Your personalized Restorative Practices workshop with a certified consultant will support your individual school or district in understanding how restorative practices can be an alternative to punitive approaches to classroom management. These practices humanize the schooling experience and allow individuals who cause harm to make amends. Restorative practices rely on strong relationships as well as clear systems and procedures to ensure that harm is addressed. The impact is increased equity for BIPOC students as well as a reduction in exclusionary practices such as suspension and expulsion. But as importantly, students change their behavior as they come to understand the impact that they have on others.
Session 1: Establishing a Restorative Culture
For restorative practices to take hold, educators must examine the current structures and policies that exist and then revise those policies to create space for restorative work. In addition, schools must develop a culture hospitable for restoration. In this session, we focus on the logic of restorative practices and build a restorative philosophy. In addition, we explore a common aspect of a restorative culture: circles. Drawing in the knowledge gained by indigenous peoples, we explore the structures of circles and how they function. We conclude the session focused on what success will look like when restorative practices take hold.
Session 2: Creating Classrooms Based on Restorative Practices
Healthy, growth-producing relationships are foundational to restorative practices. These relationships, based on trust and support, provide students with assurances that their teachers have the best interests in heart.

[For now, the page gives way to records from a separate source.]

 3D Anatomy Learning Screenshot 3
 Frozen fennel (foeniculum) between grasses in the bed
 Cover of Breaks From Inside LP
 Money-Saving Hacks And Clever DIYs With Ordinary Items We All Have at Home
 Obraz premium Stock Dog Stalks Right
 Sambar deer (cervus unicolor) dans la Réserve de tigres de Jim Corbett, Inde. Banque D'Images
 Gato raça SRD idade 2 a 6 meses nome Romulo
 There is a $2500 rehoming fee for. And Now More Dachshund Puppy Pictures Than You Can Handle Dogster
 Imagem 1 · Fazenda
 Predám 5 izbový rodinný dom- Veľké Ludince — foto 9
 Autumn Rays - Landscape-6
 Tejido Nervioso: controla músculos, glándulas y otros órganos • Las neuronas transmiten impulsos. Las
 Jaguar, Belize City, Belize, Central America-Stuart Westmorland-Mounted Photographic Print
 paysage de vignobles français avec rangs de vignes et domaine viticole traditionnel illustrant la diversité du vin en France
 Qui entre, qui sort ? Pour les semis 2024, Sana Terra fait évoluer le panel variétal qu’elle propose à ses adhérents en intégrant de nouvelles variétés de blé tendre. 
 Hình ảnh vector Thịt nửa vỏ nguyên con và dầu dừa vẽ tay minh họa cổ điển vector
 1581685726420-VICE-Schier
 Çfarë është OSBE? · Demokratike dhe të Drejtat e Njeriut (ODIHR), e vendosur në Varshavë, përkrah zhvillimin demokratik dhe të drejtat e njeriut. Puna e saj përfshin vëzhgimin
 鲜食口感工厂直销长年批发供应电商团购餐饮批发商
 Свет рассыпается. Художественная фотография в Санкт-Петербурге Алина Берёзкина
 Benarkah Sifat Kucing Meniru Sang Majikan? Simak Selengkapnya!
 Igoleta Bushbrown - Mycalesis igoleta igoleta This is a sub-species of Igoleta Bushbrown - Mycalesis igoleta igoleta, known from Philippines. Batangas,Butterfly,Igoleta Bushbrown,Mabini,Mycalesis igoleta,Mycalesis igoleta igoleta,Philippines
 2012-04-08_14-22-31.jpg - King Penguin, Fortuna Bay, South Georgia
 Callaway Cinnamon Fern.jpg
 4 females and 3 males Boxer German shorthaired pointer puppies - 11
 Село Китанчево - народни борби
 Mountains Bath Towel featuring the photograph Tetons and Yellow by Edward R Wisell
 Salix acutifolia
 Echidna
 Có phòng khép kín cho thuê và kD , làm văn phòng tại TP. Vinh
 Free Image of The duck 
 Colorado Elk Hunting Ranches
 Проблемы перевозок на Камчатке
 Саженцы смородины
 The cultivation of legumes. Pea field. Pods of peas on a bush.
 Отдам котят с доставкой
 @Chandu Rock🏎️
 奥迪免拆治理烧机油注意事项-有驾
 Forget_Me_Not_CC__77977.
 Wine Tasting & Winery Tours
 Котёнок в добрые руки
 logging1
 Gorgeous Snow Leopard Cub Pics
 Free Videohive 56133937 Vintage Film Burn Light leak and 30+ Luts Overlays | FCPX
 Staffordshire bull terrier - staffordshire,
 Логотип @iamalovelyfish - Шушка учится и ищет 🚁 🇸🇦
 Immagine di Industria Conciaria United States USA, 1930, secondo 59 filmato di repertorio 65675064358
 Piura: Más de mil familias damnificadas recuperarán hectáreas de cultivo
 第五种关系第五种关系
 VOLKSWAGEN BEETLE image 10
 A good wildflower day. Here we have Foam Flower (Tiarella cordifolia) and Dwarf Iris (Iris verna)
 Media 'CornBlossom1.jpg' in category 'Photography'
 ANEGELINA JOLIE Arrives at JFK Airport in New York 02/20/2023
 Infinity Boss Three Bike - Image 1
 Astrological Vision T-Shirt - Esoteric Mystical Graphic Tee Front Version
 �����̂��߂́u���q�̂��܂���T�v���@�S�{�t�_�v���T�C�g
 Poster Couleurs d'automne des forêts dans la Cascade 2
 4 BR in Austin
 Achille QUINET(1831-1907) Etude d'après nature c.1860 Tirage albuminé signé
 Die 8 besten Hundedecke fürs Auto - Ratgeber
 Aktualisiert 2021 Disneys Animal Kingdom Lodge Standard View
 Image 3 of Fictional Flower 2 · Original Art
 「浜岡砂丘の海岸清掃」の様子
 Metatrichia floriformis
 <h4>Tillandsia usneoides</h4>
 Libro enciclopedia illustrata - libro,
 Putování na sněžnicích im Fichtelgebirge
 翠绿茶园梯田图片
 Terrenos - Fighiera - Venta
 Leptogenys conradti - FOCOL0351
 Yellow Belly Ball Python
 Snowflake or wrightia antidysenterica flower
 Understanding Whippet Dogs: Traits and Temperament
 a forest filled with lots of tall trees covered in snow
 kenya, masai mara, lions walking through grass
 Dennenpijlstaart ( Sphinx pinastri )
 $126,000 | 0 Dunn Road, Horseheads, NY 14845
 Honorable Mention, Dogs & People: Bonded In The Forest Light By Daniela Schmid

Like all relationships, there are expectations for interactions and respect. In this session, we focus on the aspects of restorative practices that are grounded in the classroom, including developing and maintain health relationships, establishing expectations and teaching for engagement, using affective statements, and engaging in restorative conversations.
Session 3: Respect and Repair
Restorative cultures ensure that members of the community are treated with respect. That respect extends many ways, from teachers to students, students to teachers, students with peers, and among leadership and non-instructional staff. When a strong foundation of respect is established, and serious issues arise, schools with strong restorative cultures work to repair the harm that has been done.
To cultivate restorative practices in schools, leaders need to create and preserve the health of the school community. In this session leaders will examine current practices and policies that exist within the learning community. We will explore the principles, misconceptions, and components of restorative practices. In addition, leaders will be provided tools, strategies to implement, monitor, and support the philosophical shift to restorative practices.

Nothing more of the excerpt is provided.